Nov 16

This is a random observation while listening to some on a pair of good headphones:

We like to in hindsight attribute the success of disruptive products to practicality when in truth these products succeeded because they elicited some previously-impossible emotional experience in their user.

Here’s the crux of the epiphany: When I was eight I got one of the very first Sony Walkman’s (this is the closest pic I could find but I swear mine was even more old school). I had a bunch of teeth pulled right when this miraculous device debuted and my parents figured it would a good distraction to fill my head with music during the recovery period. This turned out to be a genius move on their part and worked really well. In spite of having awful pain from every corner of my mouth, this new incredible way to experience music trumped everything and transported me beyond the pain. Now here’s why this is relevant:

Clayton Christensen (and by proxy many others) have cited the Sony Walkman in their explanations of disruption usually saying something to this effect: “The Walkman achieved disruption because it enabled young people to listen to music out of earshot of their parents for the first time.” This is a functional/practical motivation (ie. listening privacy, facilitated quiet rebellion) and while it may partially account for its success, I would submit that there was a more fundamental emotional-based motivation: “it enabled for the first time the undeniably cool & irreproducible experience to have music originate from between one’s ears.” This is akin to experiencing dry ice, static electricity or pop rocks for the first time- it’s just freakin’ cool!
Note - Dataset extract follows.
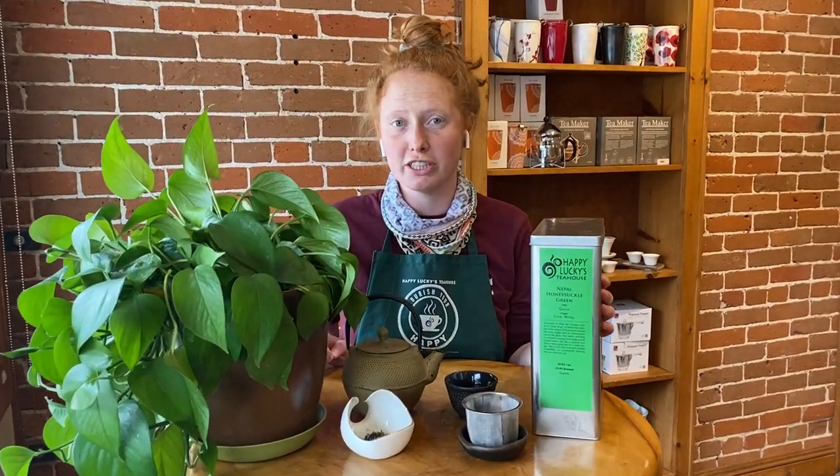Hi Tea Lovers! I'm Amanda from Happy Lucky's Tea House and today we're going to be tasting Nepal Honeysuckle Green. This green tea is from Elam, Nepal, which is pretty close to Darjeeling.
No doubt practical motivations overtake the cool factor at some point and most disruptive products with any longevity can’t subsist indefinitely on coolness alone. But in the vast majority of past product success analysis from today’s vantage point, the coolness factor gets way undervalued. The ubiquity of white earbuds now makes it difficult for us to imagine thirty years back to a time when experiencing music that originated between your ears instead of from external speakers was as untangible as anti-matter & black holes are to us today.

Anyways, there’s no call-to-action here other than to observe that our “coolness bar” is perpetually raised higher each year and it’s impossible to see those case study products via the same lens of wonderment we would have had at the time they presented. I don’t dispute Christensen’s ideas on disruption re: underserved markets, competing against non-consumption, etc. but I think we need as entrepreneurs to acknowledge the role of a more parsimonious “I just gotta have the music inside my head!” motivation in explaining the success of a product like the Walkman.

No doubt when Apple someday develops the ability to deliver any smell on demand via the appstore, we’ll all run out and purchase an iSniff because “I gotta have any smell on demand!” And years afterwards the business historians will all concoct elaborate theories about the runaway success of this product explaining how we were economically-motivated and seeking to reduce trips to flower stores.

4 Responses to “Disruption, practicality & emotional neglect (or why the Walkman really won)”

  1. Ed Geek says:

    Both of the quoted insights are inaccurate: “The Walkman achieved disruption because it enabled young people to listen to music out of earshot of their parents for the first time.” and “it enabled for the first time the undeniably cool & irreproducible experience to have music originate from between one’s ears.” Neither is true. Headphones address both of these requirements, not the Walkman itself, and headphones have been around since the 30s (stereo headphones since the late 50s).

    The Walkman's appeal was about the combination of portability and emotional attachment to music. Steve Jobs got the emotional attachment to music aspect right – it's about being able to access a vast range of emotional experiences from your (at the time of Walkman launch, bulky and difficult to manage) personal music collection anywhere and at any time – see his iPod product launches.

    • Sean Tierney says:

      Ed, obviously headphones existed prior to portable music players. No argument from me that your comment is accurate in theory but in practice the Walkman was the first time en masse younger people could experience music this way (stereo's were hundreds while Walkman's were about $70). The point of my post is that _practical_ reasons are typically the ones that get cited in case studies after the fact but the true driving factors for adoption at the time are more sensory/emotional in nature. As you pointed out w/ the iPhone, it wasn't so much that practicality of being able to access one's music collection from anywhere that was compelling as much as it was cool to be able to choose from any of your tunes while out on a run.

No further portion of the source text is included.